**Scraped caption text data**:
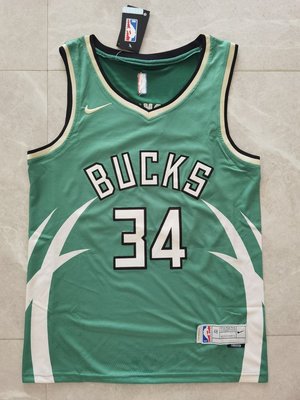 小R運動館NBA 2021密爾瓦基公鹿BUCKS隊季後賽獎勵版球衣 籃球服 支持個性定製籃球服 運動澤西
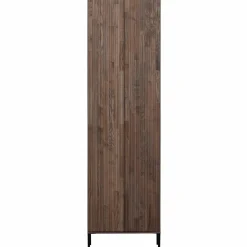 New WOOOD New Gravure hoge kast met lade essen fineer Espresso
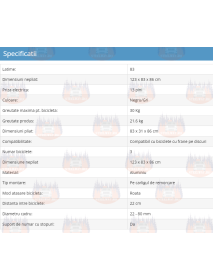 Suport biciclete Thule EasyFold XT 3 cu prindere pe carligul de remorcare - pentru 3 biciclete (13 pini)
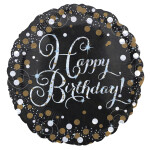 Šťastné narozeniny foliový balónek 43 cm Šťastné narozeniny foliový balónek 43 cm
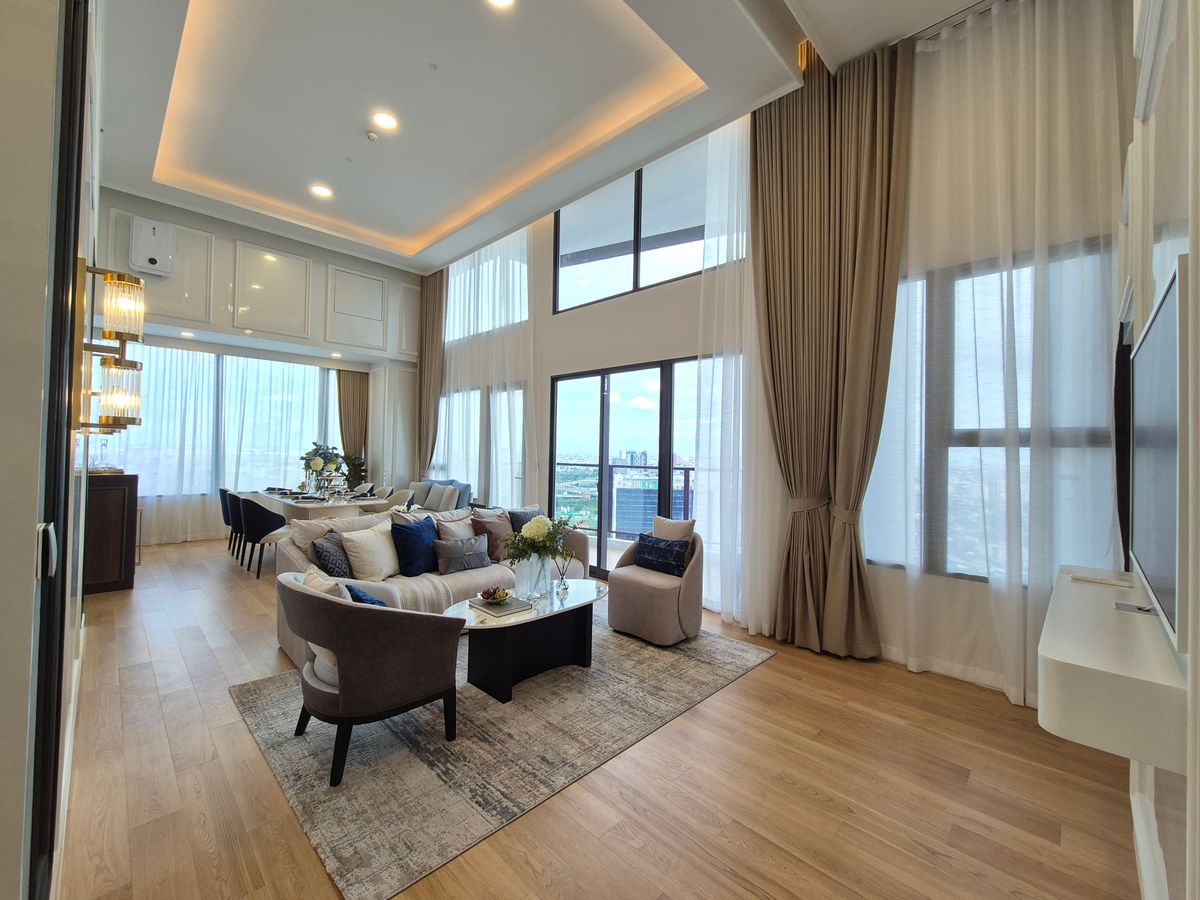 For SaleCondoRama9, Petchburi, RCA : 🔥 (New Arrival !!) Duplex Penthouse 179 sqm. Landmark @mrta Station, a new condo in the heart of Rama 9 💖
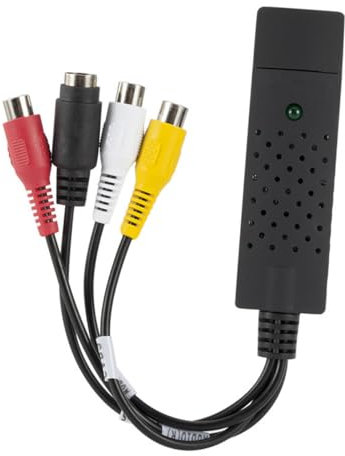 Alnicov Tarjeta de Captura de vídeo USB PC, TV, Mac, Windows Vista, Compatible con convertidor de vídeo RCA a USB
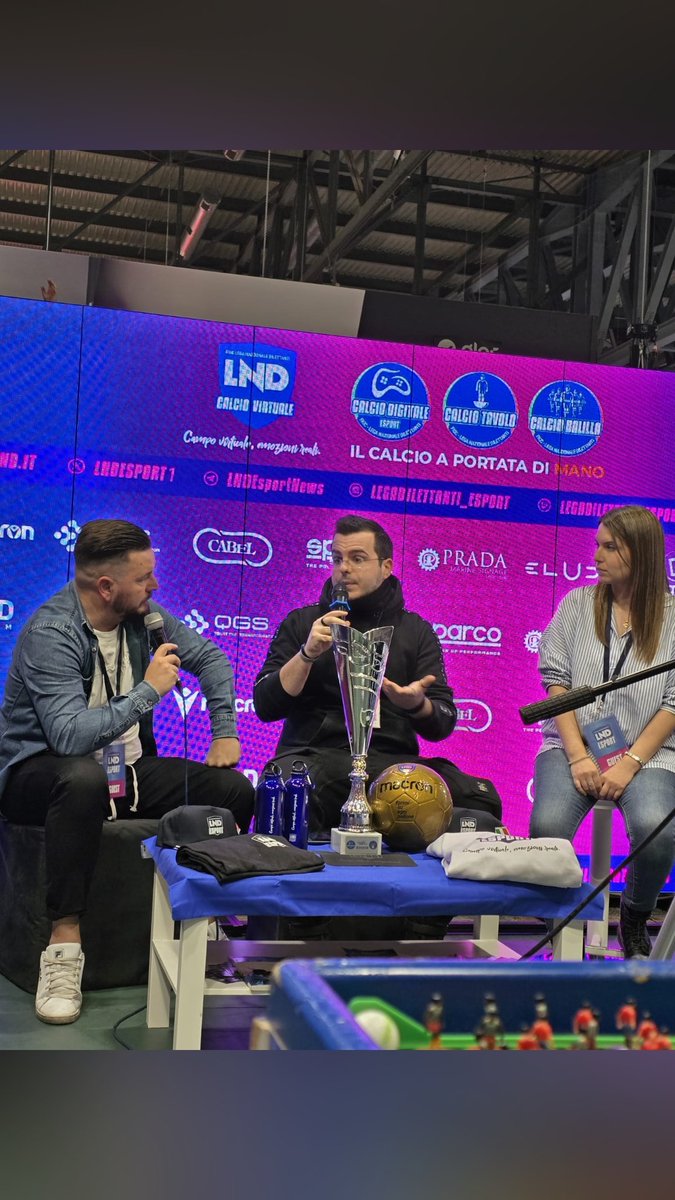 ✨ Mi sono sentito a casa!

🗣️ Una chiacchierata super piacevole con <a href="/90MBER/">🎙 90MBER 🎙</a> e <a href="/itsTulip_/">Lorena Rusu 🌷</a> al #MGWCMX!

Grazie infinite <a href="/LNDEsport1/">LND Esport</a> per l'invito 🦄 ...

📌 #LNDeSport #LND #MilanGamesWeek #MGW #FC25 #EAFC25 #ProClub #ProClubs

**To do**: What is the number of lines above that contain the string "href"? Answer with that number only.

**Result of the task**: 2